五島美術館が所有している高野切や継色紙は、いままでも何度か目にする機会がありましたが、やはり、これだけ集まるともう圧倒されます。どの掛け軸でも一本、床の間に掛ければ、それだけでいくらでも話が出てくるだろうに。。。もうびっしり。国宝や重文がザクザクです。

字が下手な私としては、もうため息ばかり。。。ひらひらとそれはきれいな筆跡で、お歌が書いてあるのですから。

今回、特に長く足をとめたのが国宝の『元永本古今和歌集・下巻』(東京国立博物館蔵)です。さまざまな模様を漉きだした唐紙に歌が書かれているのですが、それぞれの料紙ごとに万葉仮名、草書、連面体など書体を替えて書いてあるのです。書き手は一人だそうです。。。もう、それは素晴らしいものでした。

また、冷泉家時雨亭文庫から出品されていた同じく国宝の定家筆の『嘉禄二年本古今和歌集』や『天福二年本後撰和歌集』もじっくり見てきました。定家の手は筆のかえりに特徴があるようです。
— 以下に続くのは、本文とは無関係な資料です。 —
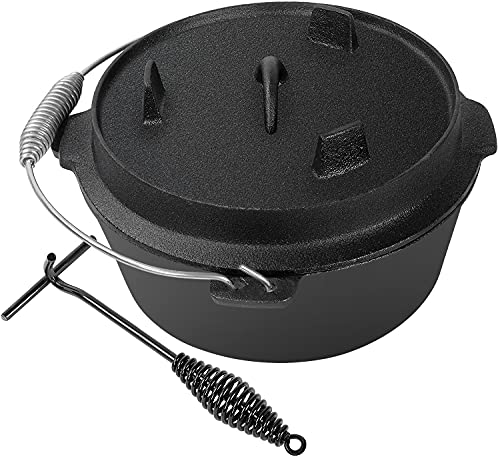 HEWOLF Dutch Oven Cocotte (5.4L) Cocotte en fonte avec lève-Couvercle Convient pour l'intérieur et l'extérieur Cover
『拾遺し和歌集』を散らし書いた、豆色紙といって5cm四方の本当に可愛らしいものもありました。

こうした優雅な歌の世界を見ていると、とても不思議な気がします。実際のあの時代は、鎌倉と京の朝廷とで、争いがあったり、後鳥羽上皇は隠岐に島流しになっているのですから。。。現実が、あまりにも悲惨なので、逆にこのような美しい世界を作り出すことに精力を注いだのでしょうか。